“I’m a baaad bowwow.”
Directed by Robert McKimson; Story by Warren Foster; Animation by Cal Dalton, Don Williams, and Richard Bickenbach; Backgrounds by Richard H. Thomas; Musical Direction by Carl W. Stalling. A Merrie Melody released on April 20, 1946.
TADA! Welcome to the new and improved Wackyland2! When I said I was cancelling the blog, I just meant that I was giving Squarespace the boot. That place sucked. Here is a lot more space for me to stretch my creative wings. It’s the same great taste, but with a whole new package! With still hundreds of shorts left to address, we’d better get started!
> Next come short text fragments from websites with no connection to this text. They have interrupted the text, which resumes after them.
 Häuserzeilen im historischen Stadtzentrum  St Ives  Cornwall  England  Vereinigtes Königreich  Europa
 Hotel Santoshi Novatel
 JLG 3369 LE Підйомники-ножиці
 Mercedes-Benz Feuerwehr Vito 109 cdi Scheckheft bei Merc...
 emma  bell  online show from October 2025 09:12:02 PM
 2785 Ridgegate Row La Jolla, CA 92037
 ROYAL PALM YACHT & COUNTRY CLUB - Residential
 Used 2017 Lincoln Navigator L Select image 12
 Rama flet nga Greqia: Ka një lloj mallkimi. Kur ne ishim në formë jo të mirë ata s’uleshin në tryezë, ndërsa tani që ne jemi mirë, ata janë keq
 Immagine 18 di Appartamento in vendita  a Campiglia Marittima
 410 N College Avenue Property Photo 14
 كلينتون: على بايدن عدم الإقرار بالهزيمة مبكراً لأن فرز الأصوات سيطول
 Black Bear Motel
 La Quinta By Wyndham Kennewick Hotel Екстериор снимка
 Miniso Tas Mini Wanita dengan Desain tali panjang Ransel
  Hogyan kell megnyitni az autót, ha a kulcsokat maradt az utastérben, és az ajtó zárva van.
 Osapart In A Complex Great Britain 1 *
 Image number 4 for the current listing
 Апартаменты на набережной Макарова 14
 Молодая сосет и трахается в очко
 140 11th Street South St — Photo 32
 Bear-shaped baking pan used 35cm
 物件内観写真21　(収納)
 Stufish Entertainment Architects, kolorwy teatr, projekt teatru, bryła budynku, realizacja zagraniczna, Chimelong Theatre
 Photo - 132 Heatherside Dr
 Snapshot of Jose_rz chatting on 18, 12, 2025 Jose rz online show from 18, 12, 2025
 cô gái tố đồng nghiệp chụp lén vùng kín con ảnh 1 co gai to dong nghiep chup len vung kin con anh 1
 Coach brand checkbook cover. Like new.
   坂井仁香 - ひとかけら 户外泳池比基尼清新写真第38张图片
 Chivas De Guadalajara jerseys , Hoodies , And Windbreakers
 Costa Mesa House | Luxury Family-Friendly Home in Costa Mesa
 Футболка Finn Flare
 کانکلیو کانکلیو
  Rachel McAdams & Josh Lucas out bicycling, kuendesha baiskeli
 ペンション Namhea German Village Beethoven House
Dogs are some of the greatest animals on the planet! Hollywood seems to think so too. As all the biggest stars (at least of the 1940s) all seem to own one. What’s more, they look a lot like their owners too, making it easy to tell who is who. So what do these dogs do when their owners are out being caricatured in Warner Bros. cartoons? They decide to start a nightclub all their own! And everyone of the canine type is invited! Upon entering, patrons can drop their (fur) coats at the entrance. And one doesn’t need to worry about filling your belly: Dogwood himself is on hand making some tasty bone sandwiches, and cleanup is nothing to worry about. We’ve got Laurel and Hardy’s dogs on cleanup duty. (Our dishes wind up extra clean. Seeing as how Laurel’s pooch, keeps accidentally dropping what he just dried back into the sink.) A young dog tries to call home, but has to wait as there are quite a number ahead of him. Not to worry, there is plenty of entertainment to keep one occupied. Why not listen to Leopold Bowwosky conduct? His musicians are playing the Hungarian Dances. (Taking reading breaks when waiting for their part, and breaking violins when performing their part) But some aren’t taking things too seriously. Lou Costello’s dog can’t be bothered to stay with his instrument and will leave in the middle of a performance to get a drink. (And more amusing than that, acting like a jerk when people tell him to get back to work) He just might ruin the song too, as he’ll mistake any flies on his sheet music for actual notes. And our young friend is still waiting to call. But there’s only one ahead of him now! Some dog’s try to make connections. Bing Crosby’s dog is serenading the pet of Dorothy Lamour. But he can’t quite compete with Frank Sinatra’s dog. (Mostly because the latter’s singing is too irresistible for Bing’s pooch to try and top) With a fresh batch of music (and the occasional box of fleas) everyone is really getting into the dancing groove. Well, almost everyone. Our young friend is finally allowed to call home. Hope his voice is strong enough. Since dog’s can’t use telephones, he has to make do with a megaphone.